Not every firm plays the copycat game, though. Wachtell, Lipton, Rosen & Katz has long paid its associates almost twice the market rate, in part because it is able to charge its clients more than the market rate. It generally doesn’t bill by the hour but by the project, like an investment bank.

Which brings us back to the original question: Why do a dozen elite law firms all match the bonuses for associates? More specifically, why would one firm raise its bonus, knowing that its rivals will immediately match it? What competitive advantage is created for the firm that goes first, beyond a brief morale boost among the troops and perhaps bragging rights for five minutes?

It calls to mind the masochistic “fare wars” among airlines, which often cut prices on competitive routes, forcing others to follow. But unlike an airline, a law firm has little hope of squeezing a competitor out of business — or in legal-speak, moving it “down from the first tier to the second tier.”
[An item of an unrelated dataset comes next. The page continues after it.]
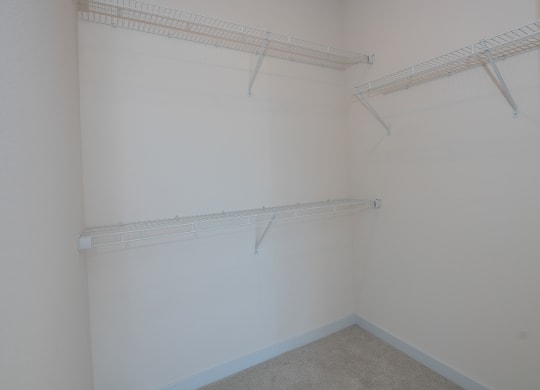 a room with a white wall and a hanging rack on the wall at The Crossings  at Windsong, Arizona, 86314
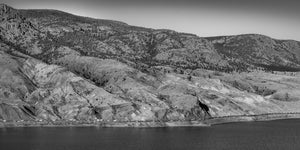 Kanadische Panoramalandschaft mit einem Güterzug zwischen dunklem Flusswasser und schroffen Hügeln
It also has very little to do with recruiting. Bonuses are for people who already have jobs. It is somewhat understandable if top-tier firms match first-year associates’ salaries so they can attract the very best students, but once they are employed, it makes less sense. Most people who switch firms at that tier do so because they think have a better chance of making partner somewhere else, or for lifestyle reasons.

Evan R. Chesler, Cravath’s presiding partner, told The New York Times last month that the firm had originally wanted to “thank our lawyers for the hard work this year and the good year we’ve had.”

IT’S a nice thought but somewhat specious. Partners at law firms are a notoriously greedy bunch — that’s why they accept so few new partners — making it hard to believe that they are willing to part with their money so easily. I suggest there is something else at play: Law firms match bonuses to secure bragging rights.

Within their risk-averse, insular world, it’s a way of saying, “We’re in the top tier.” But it doesn’t necessarily make good business sense. Though partners at elite firms routinely pocket millions, law firms have never been run as efficiently as truly great companies. After all, they’re run by lawyers.